Frequency resolved radio and high-energy emission of pulsars

TL;DR

This paper models multi-wavelength pulsar emission by simulating curvature radiation within the magnetosphere, producing phase-resolved spectra and light curves that match observations across radio to gamma-ray energies.

Contribution

It introduces a detailed simulation of pulsar emission assuming curvature radiation from specific magnetospheric regions, providing realistic multi-wavelength spectra and light curves.

Findings

Energy-dependent light curves and spectra are successfully modeled.

Realistic spectra are obtained with specific Lorentz factors for leptons.

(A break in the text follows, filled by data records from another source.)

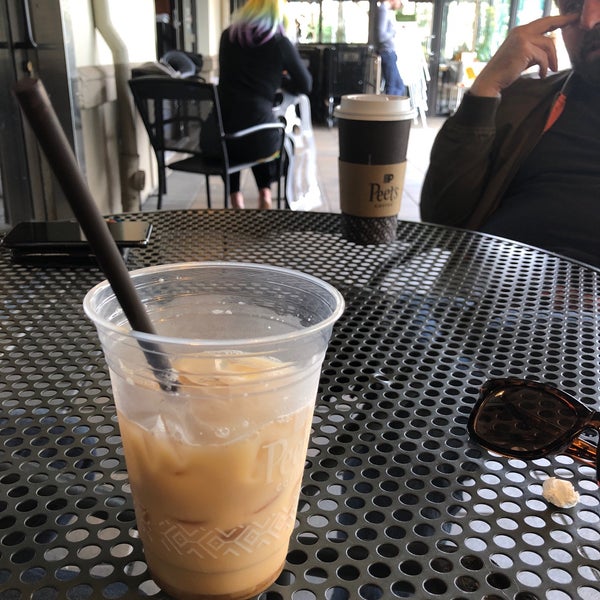Photo taken at Peet&#39;s Coffee &amp; Tea by Caroline N. on 4/7/2019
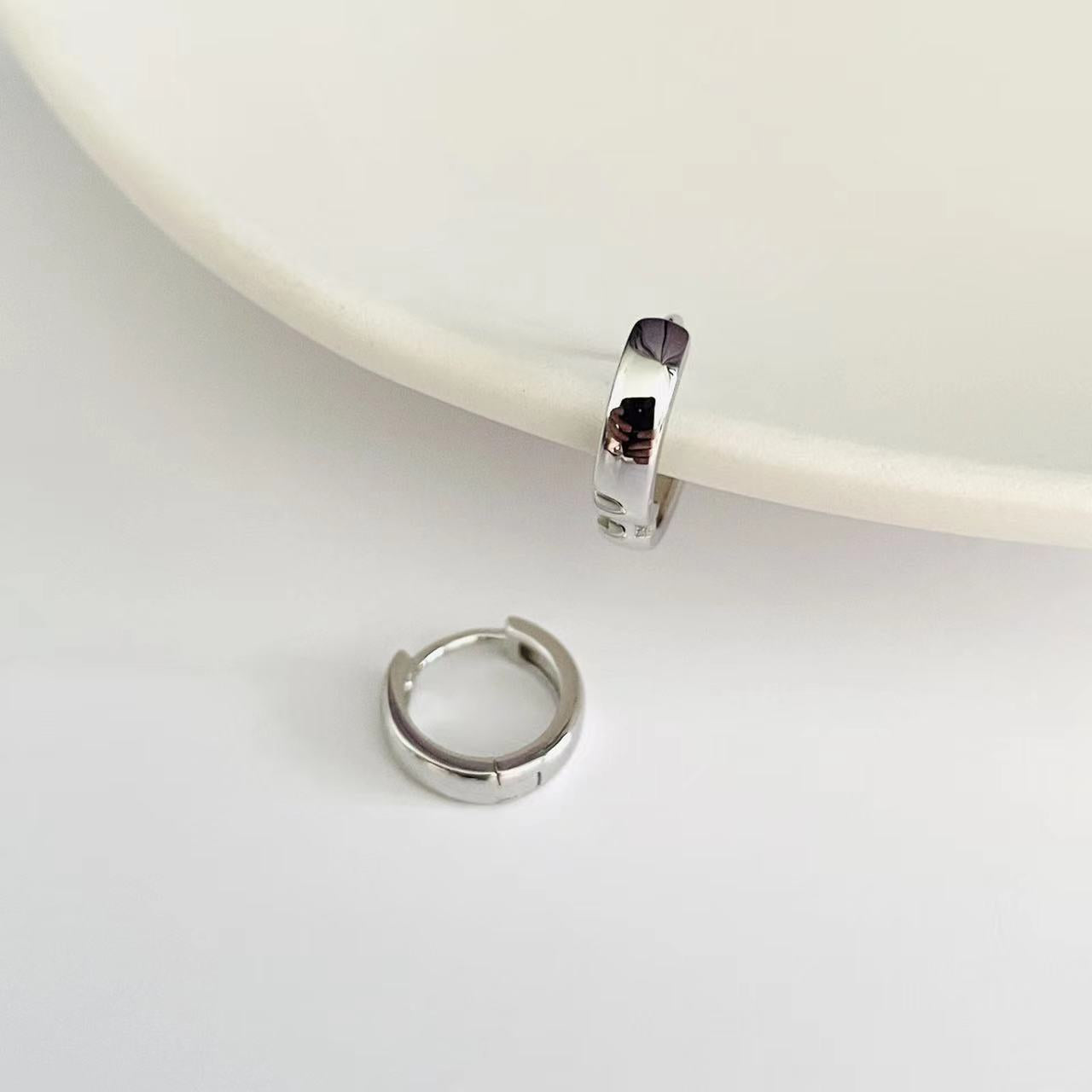 silver basic huggies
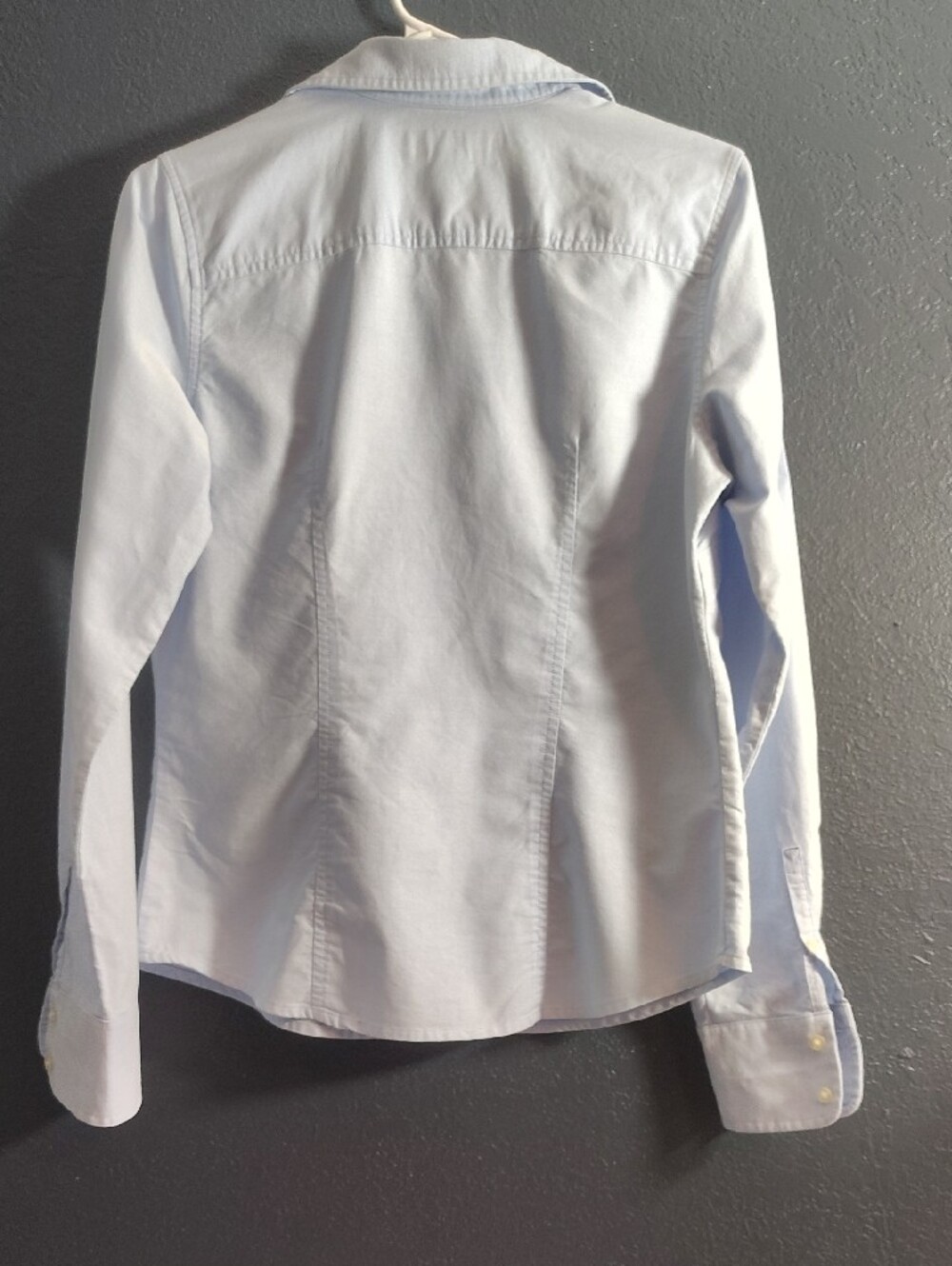 Vineyard Vines Light Blue Button-Down Women's Shirt - Picture 5 of 5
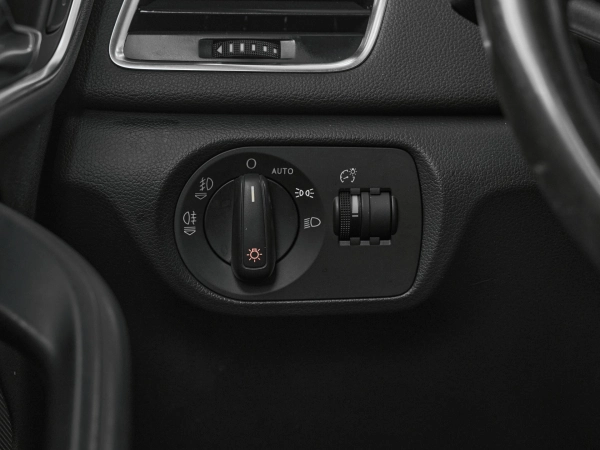 Audi Q3, I (8U) фото №12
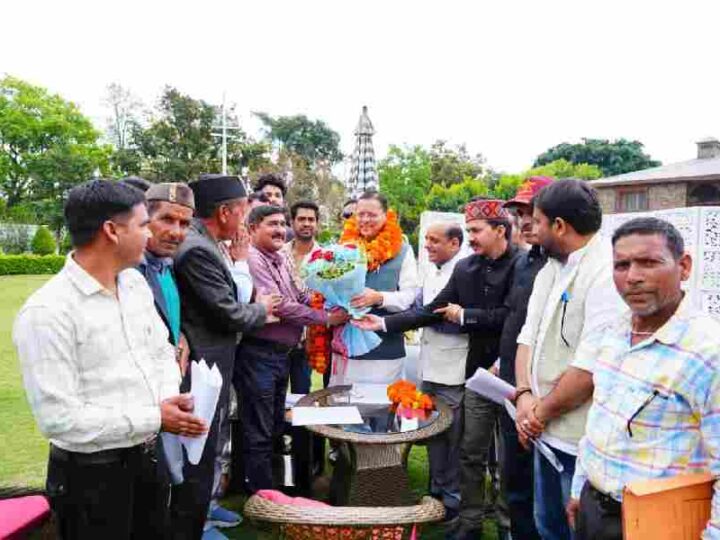 दिवारीखौल जोखणी मोटर मार्ग की वित्तीय स्वीकृति के लिये क्षेत्रीय जनप्रतिनिधियों ने मुख्यमंत्री का जताया आभार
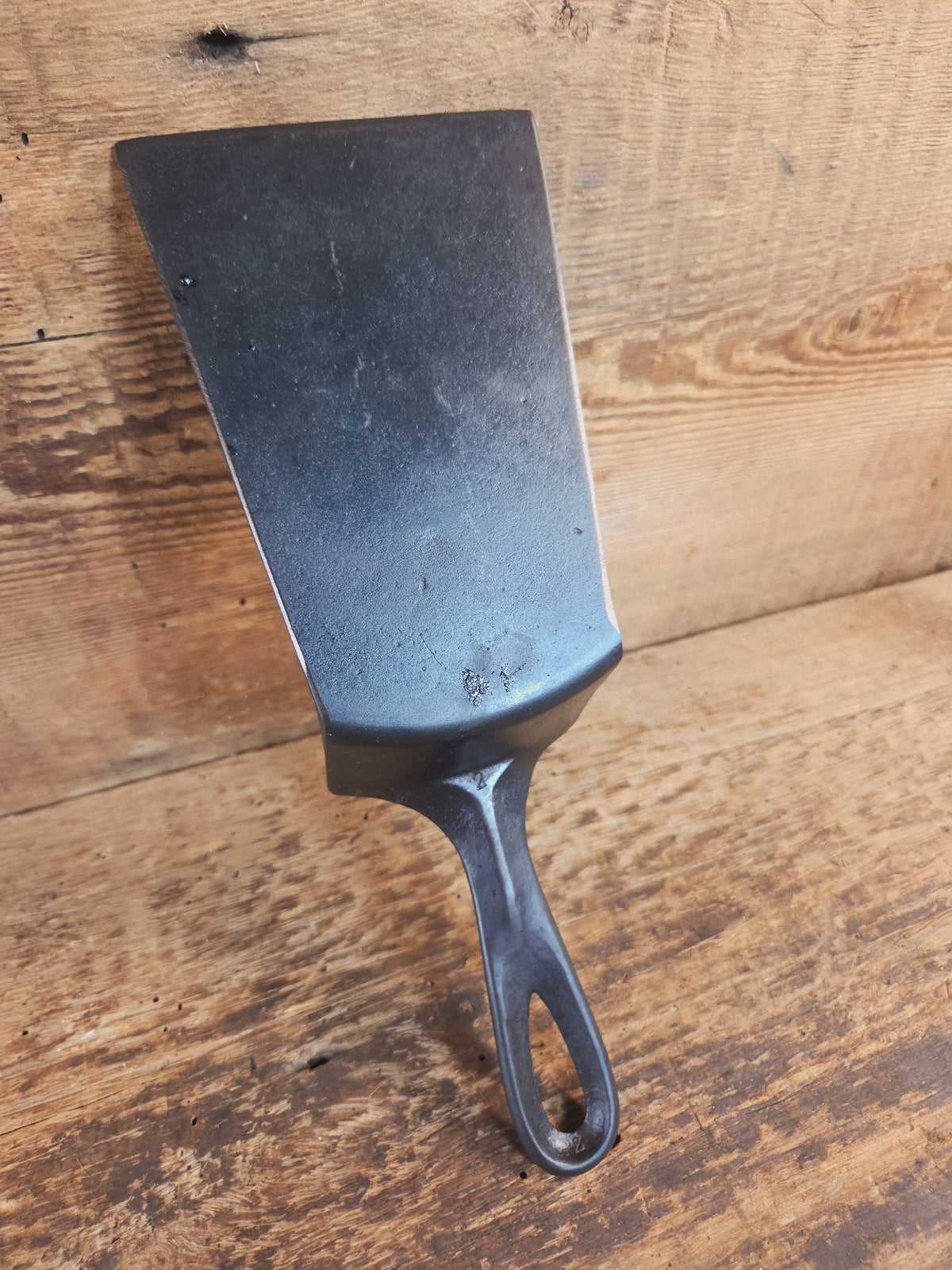 Custom made Wagner Cast Iron Skillet Spatula. Reclaimed #5 unmarked Wagner cast iron skillet. Great gift! SC24 - Spatula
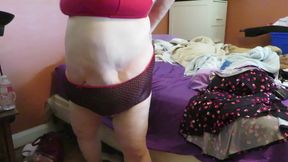 Watch as i dry this fat body after a shower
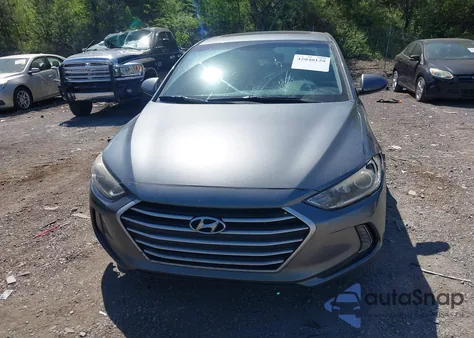 2017 Hyundai Elantra Value Edition из США, поврежденный, VIN KMHD84LF2HU245531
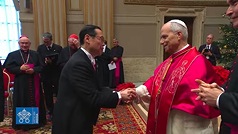 El Papa León XIV saluda al embajador de la República de China ante la Santa Sede (Foto: CNA)
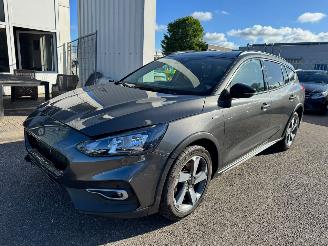 Damaged car Ford Focus Wagon 1.0 AUTOMAAT EcoBoost Titanium Business 2019/7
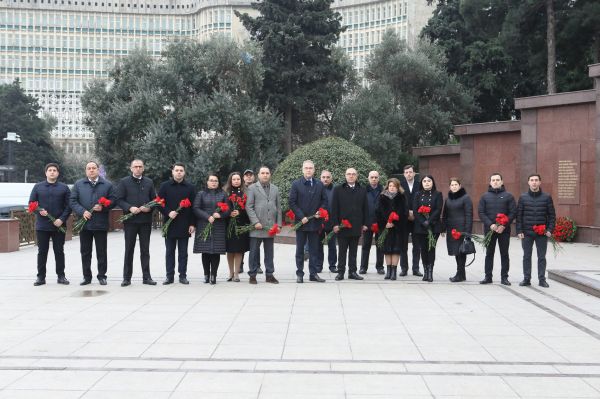 Руководство Управления Медицинской Службы Государственного Таможенного Комитета посетили Мемориальный комплекс "20 января".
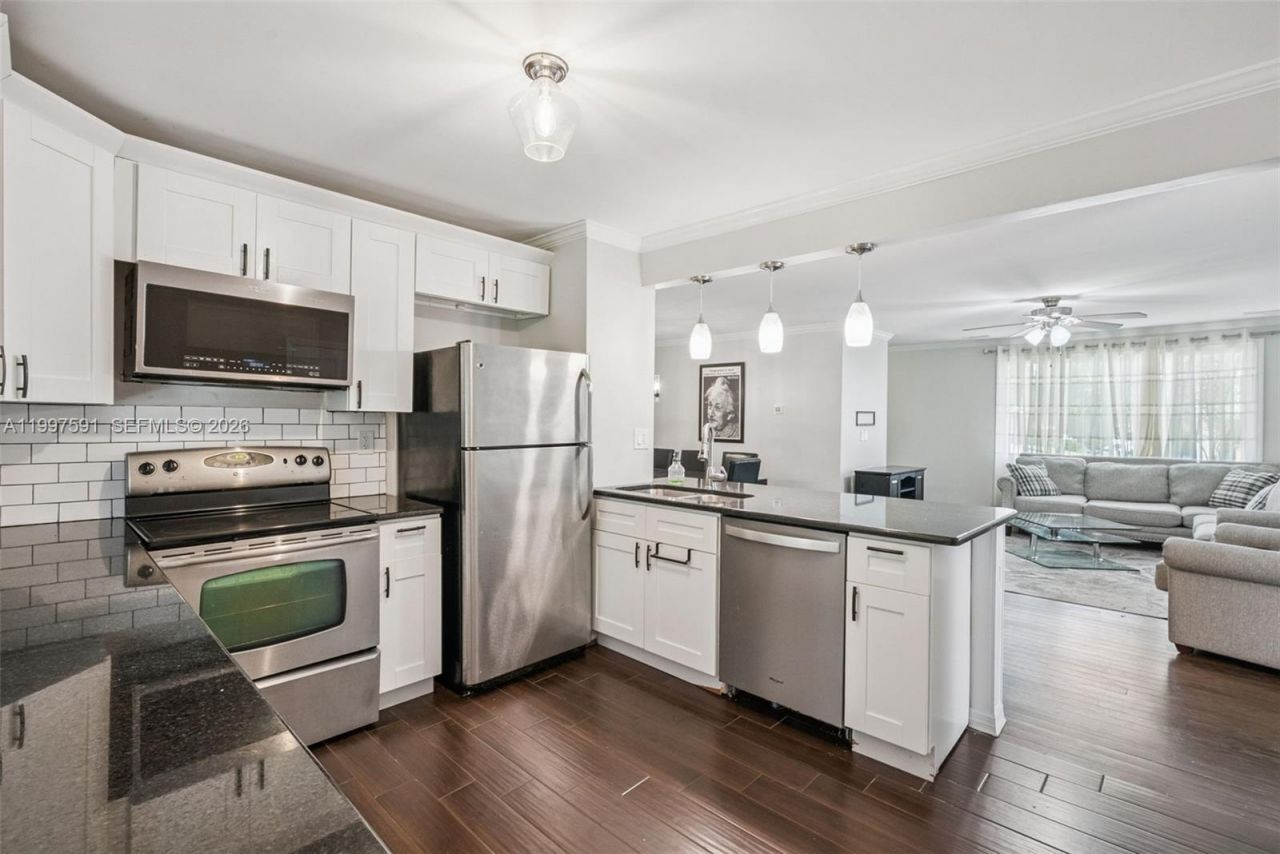 334 W Howry Ave , Deland, FL 32720 Photo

The model explains multi-wavelength observations of pulsars.

Abstract

Context. Pulsars are detected as broadband electromagnetic emitters from the radio wavelength up to high and very high energy in the MeV/GeV and sometimes even in the TeV range. Multi-wavelength phase-resolved spectra and light curves offer an unrivalled opportunity to understand their underlying radiation mechanisms and to localize their emission sites and therefore the particle acceleration regions. Aims. In this paper, we compute pulsars multi-wavelength phase-resolved light-curves and spectra assuming that curvature radiation operates from inside the magnetosphere of a rotating vacuum magnet. Radio emission arises from the polar caps whereas gamma-ray energy emanates from the slot gaps in the vicinity of the separatrix between closed and open field lines. Methods. By integrating particle trajectories within the slot gaps, we compute energy dependent photon sky maps in the radio band (MHz-GHz) and in the gamma-ray band (MeV/GeV) for mono-energetic distribution functions of leptons. Results. We obtained many details of the energy dependent light curves and phase-resolved spectra from the radio wavelength up to the gamma-ray energies. Choosing Lorentz factors of {\gamma} = 30 for radio emitting particles and {\gamma} = 10^7 for gamma-ray emitting particles, we found realistic spectra accounting for the wealth of multi-wavelength pulsar observations.